If a design deadline is looming I’ll use this time to do research on what I’d like to present in a hand-knit version, and work up sketches. My favorite resources are costume history books, but I also really like to look through European fashion magazines to give me a good idea of what may translate into knit garments in the next few years. I also have a few catalogs that I really like to look through to see different silhouette shapes (and how they look on the models)
I don’t read much fashion forecasting stuff, I find that it somehow paralyzes me to feel I have to fit my designs into a structure. Vogue & some other magazines send design proposal packets of fashion trends they’d like us to refer to as we design – and I find these helpful – but at some point I do have to just put them away and close my eyes. Speaking of which, I haven’t received my VK design info yet – I think it was supposed to come at the end of August…
When I go to bed I read to relax. I try really hard NOT to read design related stuff.
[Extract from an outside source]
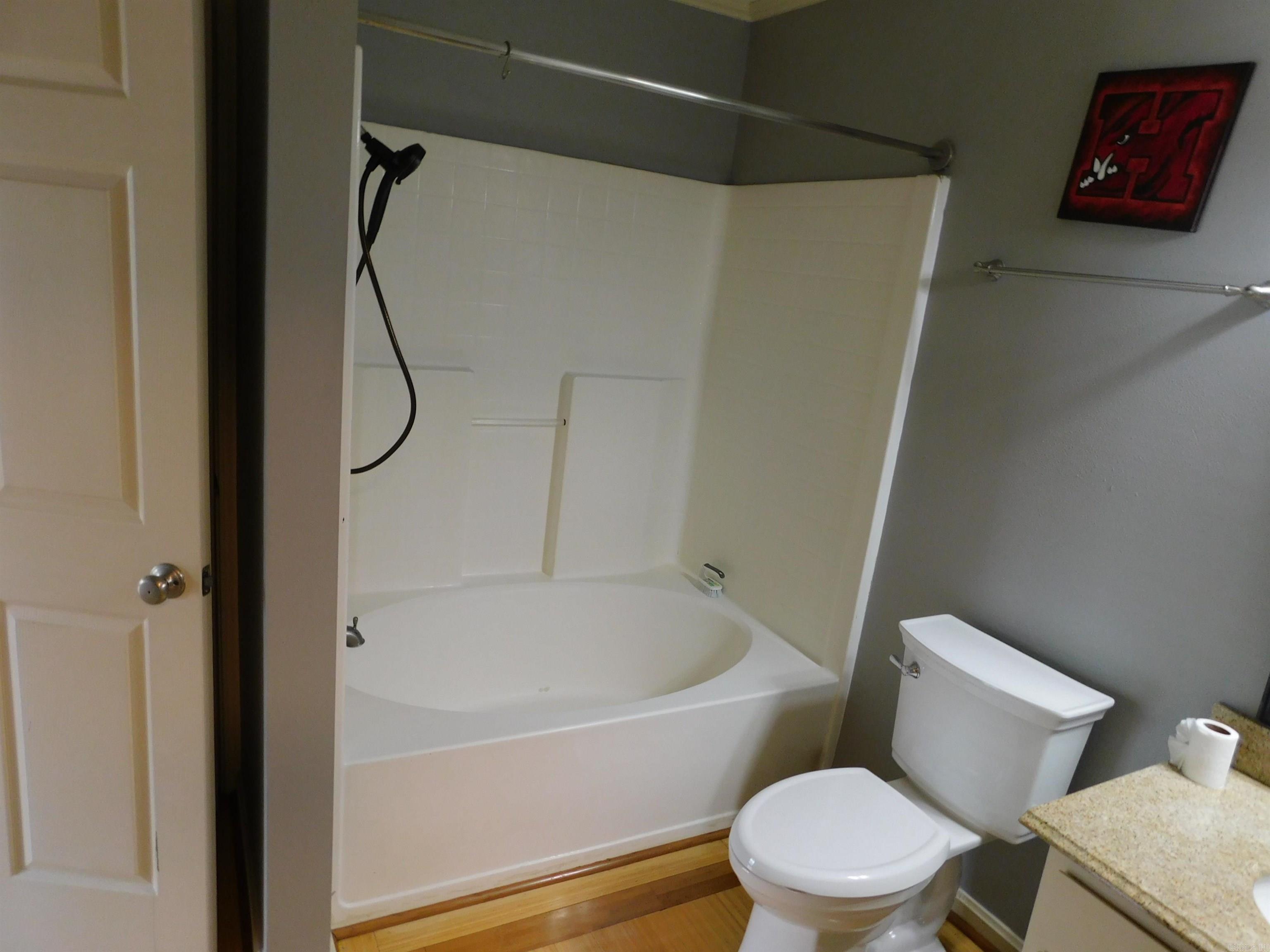 816 North Street Little Rock, AR 72205-1343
Right now I’m reading Foreign Devils on the Silk Road by Peter Hopkirk. It’s not as exciting as I’d hoped, but it’s very rich and I’m enjoying it a great deal.
This is just a snapshot of my day – it’s a changing schedule – fluid – and I don’t adhere to this. But it is a good indication of what my ‘average’ day is like.
So you see, even though it seems that I’d have hours and hours of knitting, I really have very little knitting time – and almost NO knitting time just for ME!